MINNEAPOLIS (AP) — The German operator of a cargo ship detained at a Lake Superior port in Minnesota last year is charged with covering up illegal dumping of oily wastewater, federal prosecutors said Wednesday.
The German shipping company MST Mineralien Schiffahrt was indicted on allegations that it violated the Act to Prevent Pollution from Ships, U.S. Attorney Andrew Luger said. The company is accused of violating the act by failing to maintain an accurate ship record about the disposal of oil-contaminated waste. It's also charged with presenting falsified records to the U.S. Coast Guard.
Company officials did not immediately respond to requests for comment Wednesday night.
According to the indictment and court documents, from February 2015 through October 2015, the ocean-going M/V Cornelia experienced significant leakages of oily wastewater. As a result, the ship was accumulating a substantial volume of machinery space bilge water.
On at least 10 times during that period, prosecutors allege, the ship's chief engineer, the second engineer or both told members of the engine room crew to transfer machinery space bilge water from the dirty bilge tank to the clean bilge tank — a separate tank that is supposed to contain only clean water — and then discharge the oily wastewater overboard.

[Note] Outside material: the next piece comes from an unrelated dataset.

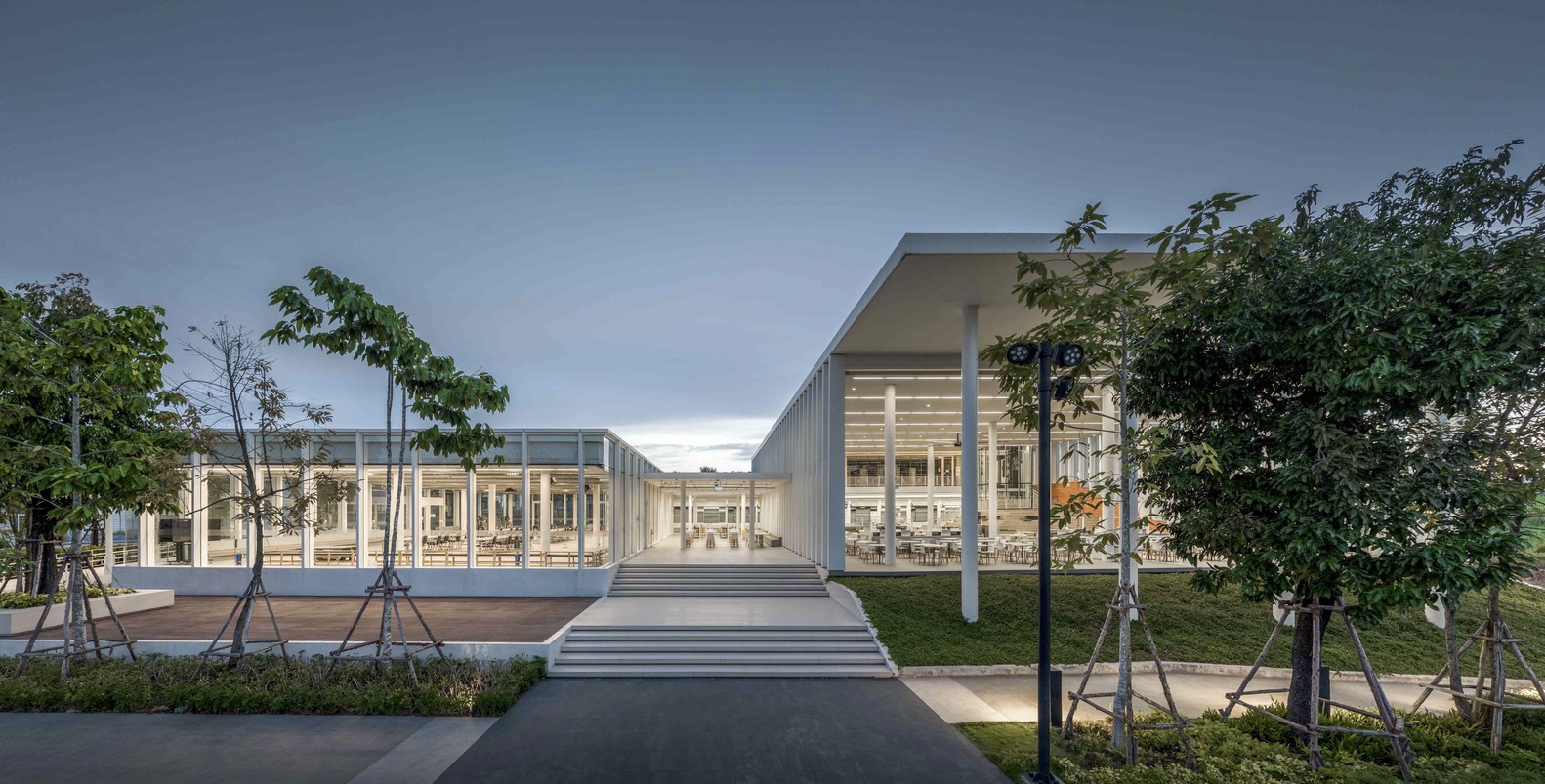 泰国 Panyapiwat 管理学院 Eec 校区丨建筑师 49-23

At least one occurrence was in about May 2015 while the ship was in the Great Lakes.
Prosecutors allege the chief engineer intentionally failed to record the transfers and discharges of oily wastewater in the Cornelia's record book, giving the false impression that all of the oily wastewater had been properly handled and disposed of.
The Cornelia was detained just outside the Duluth harbor for more than a month last year while the Coast Guard investigated. The international crew had little to do but wait after taking on a load of grain destined for Tunisia in November. The 576-foot, Liberian-flagged ship finally left on Dec. 18.